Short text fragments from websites
* * *

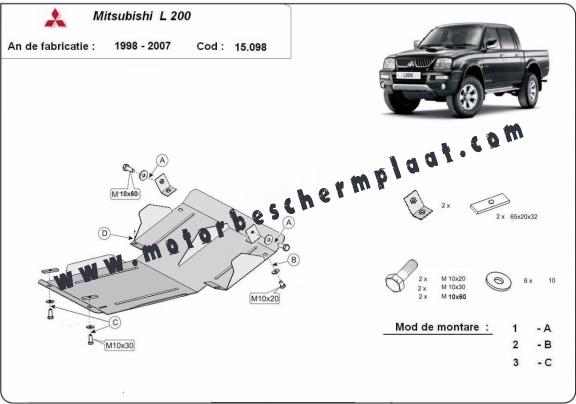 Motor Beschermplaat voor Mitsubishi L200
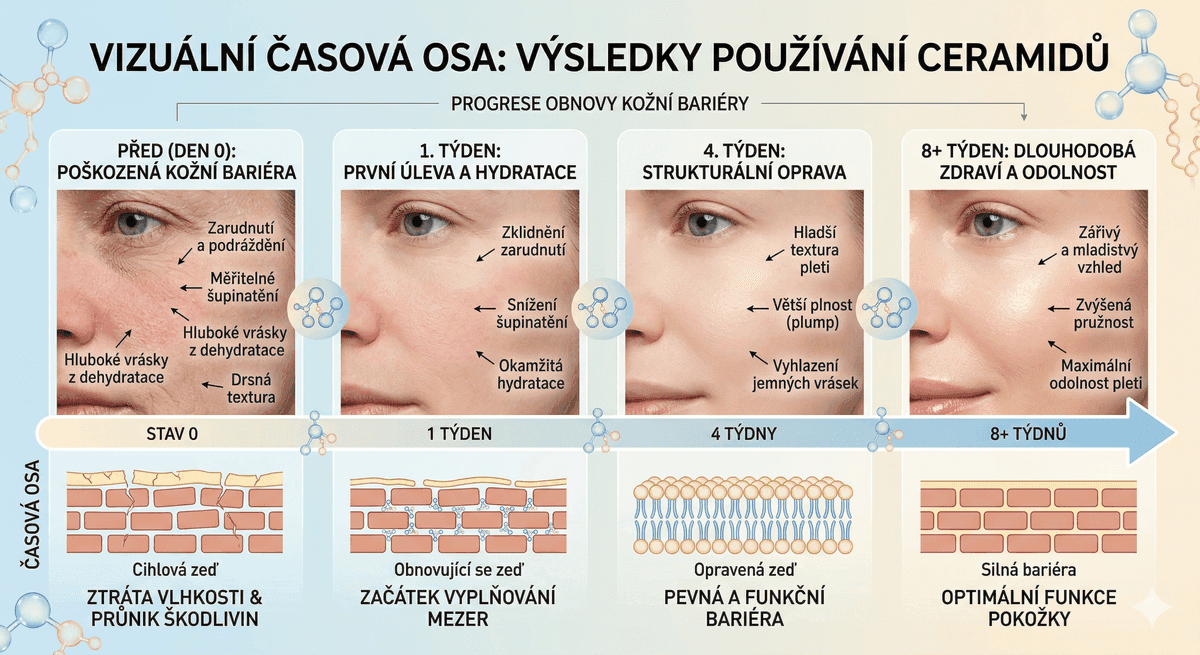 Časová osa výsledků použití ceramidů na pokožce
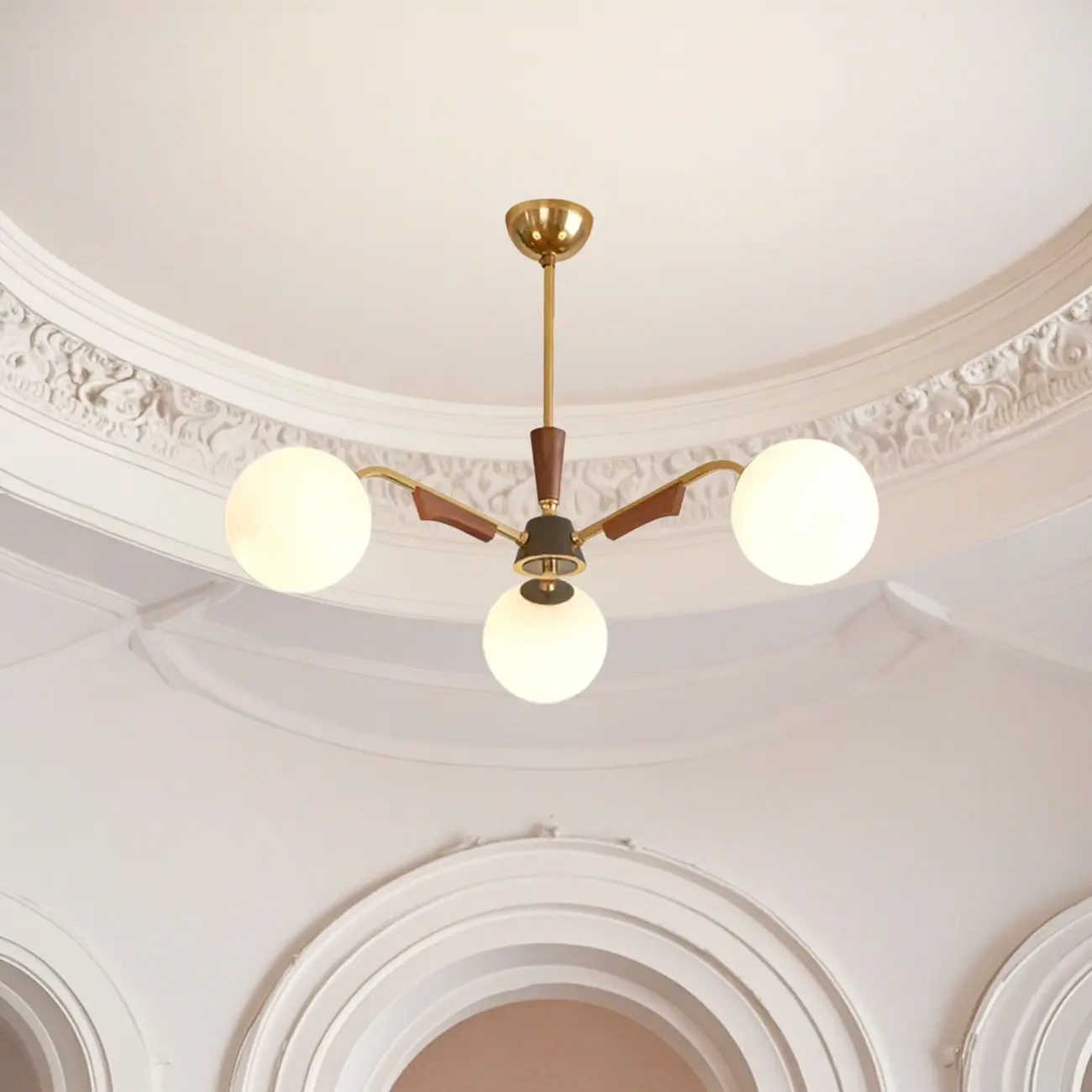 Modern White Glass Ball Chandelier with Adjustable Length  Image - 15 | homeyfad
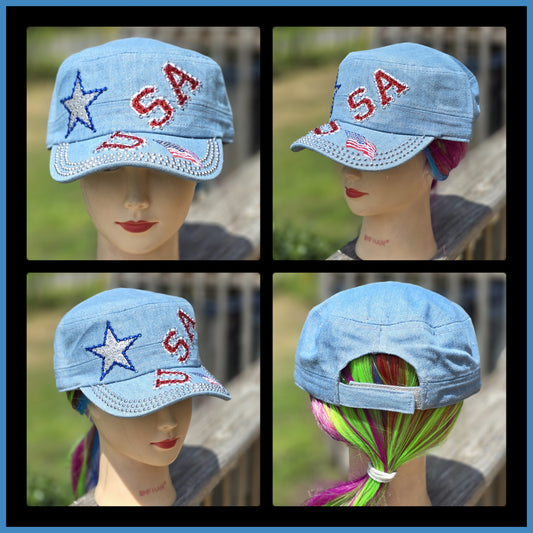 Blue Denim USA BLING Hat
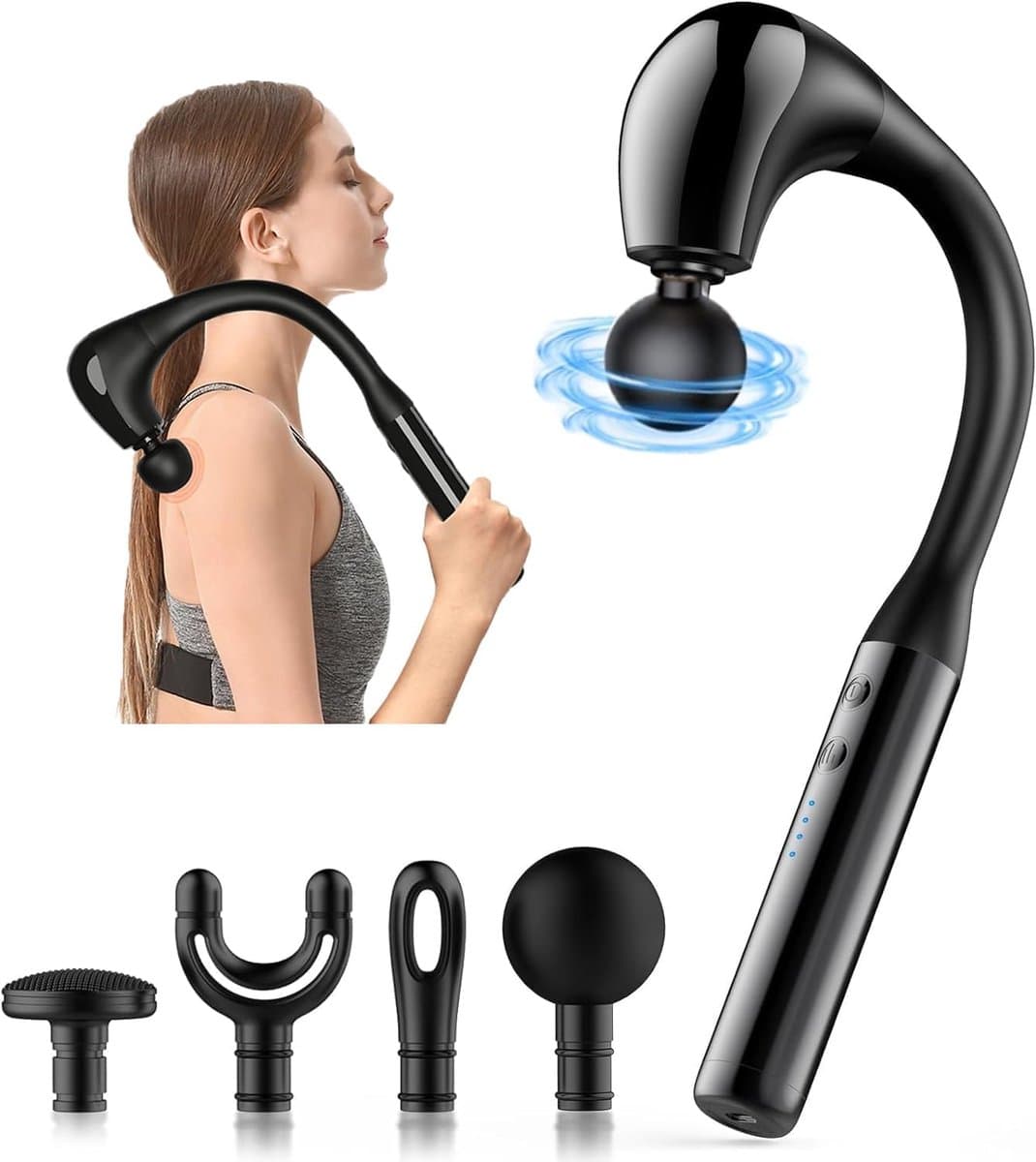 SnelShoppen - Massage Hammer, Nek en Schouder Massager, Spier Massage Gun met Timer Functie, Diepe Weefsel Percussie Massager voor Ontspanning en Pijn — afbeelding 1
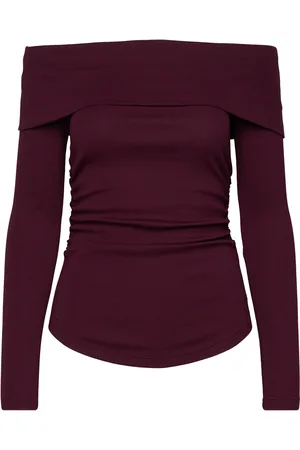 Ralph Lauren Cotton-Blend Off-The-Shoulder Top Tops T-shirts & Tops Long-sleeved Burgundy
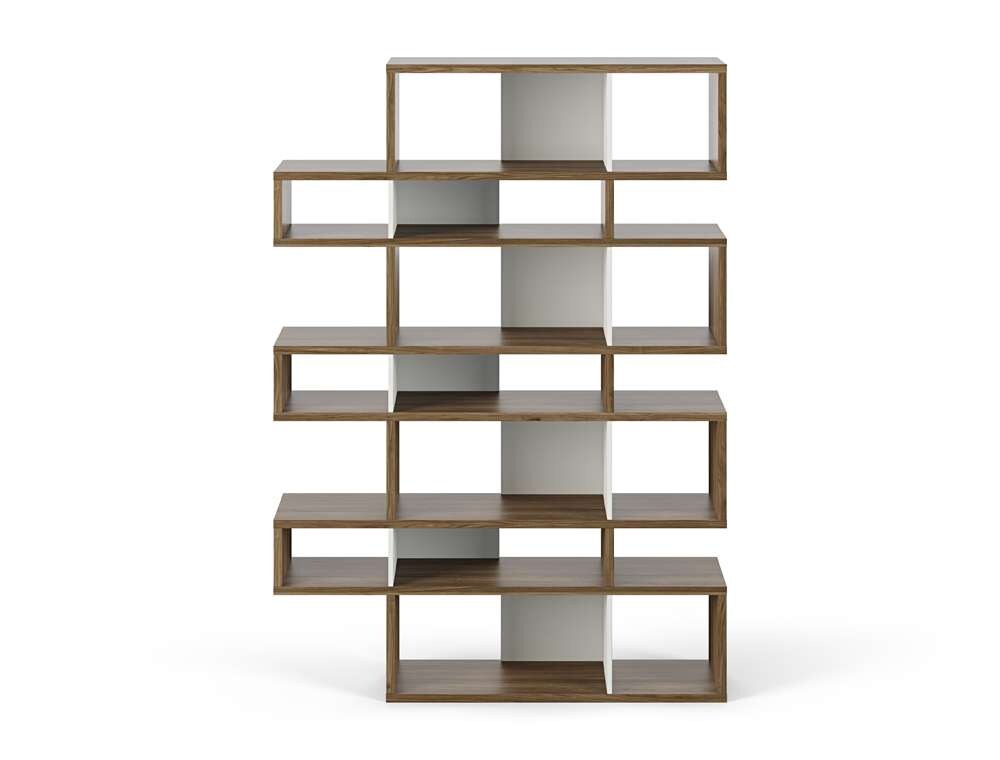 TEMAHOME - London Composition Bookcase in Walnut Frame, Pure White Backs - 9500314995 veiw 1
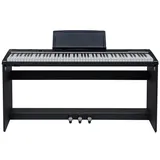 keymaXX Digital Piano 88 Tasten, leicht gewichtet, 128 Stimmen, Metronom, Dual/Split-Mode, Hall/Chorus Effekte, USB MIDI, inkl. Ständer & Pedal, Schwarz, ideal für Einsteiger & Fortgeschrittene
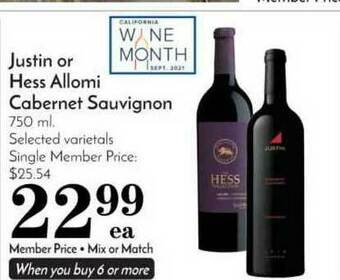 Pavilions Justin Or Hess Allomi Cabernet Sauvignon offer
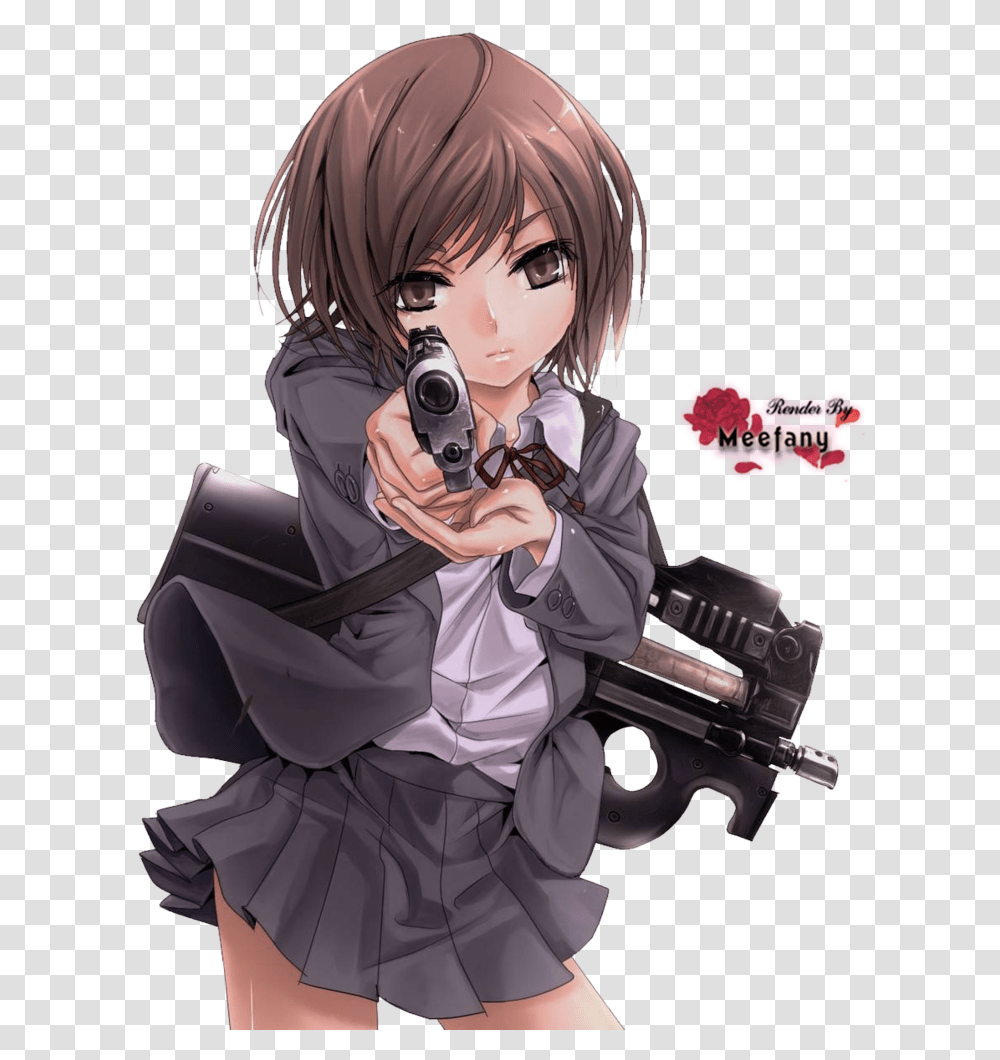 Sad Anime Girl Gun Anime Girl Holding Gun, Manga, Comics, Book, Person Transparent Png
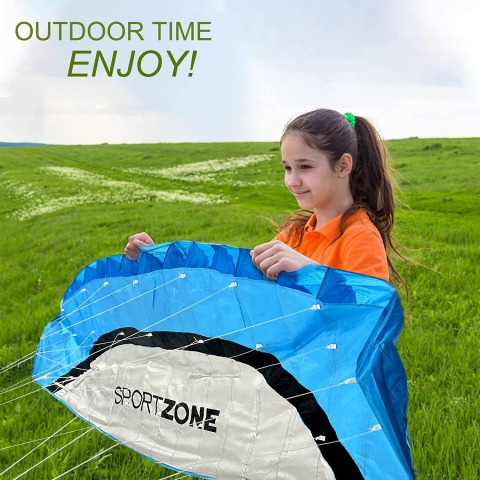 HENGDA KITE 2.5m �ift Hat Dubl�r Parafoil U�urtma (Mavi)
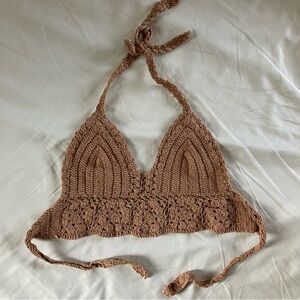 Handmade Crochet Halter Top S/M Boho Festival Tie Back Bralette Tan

* * *

The task |
Please retype, exactly and only, the lines from the one holding "keymaXX Digital Piano" to the end of the entries, both ends included, without any pictures.

Reply to the exercise |
 keymaXX Digital Piano 88 Tasten, leicht gewichtet, 128 Stimmen, Metronom, Dual/Split-Mode, Hall/Chorus Effekte, USB MIDI, inkl. Ständer & Pedal, Schwarz, ideal für Einsteiger & Fortgeschrittene
 Pavilions Justin Or Hess Allomi Cabernet Sauvignon offer
 Sad Anime Girl Gun Anime Girl Holding Gun, Manga, Comics, Book, Person Transparent Png
 HENGDA KITE 2.5m �ift Hat Dubl�r Parafoil U�urtma (Mavi)
 Handmade Crochet Halter Top S/M Boho Festival Tie Back Bralette Tan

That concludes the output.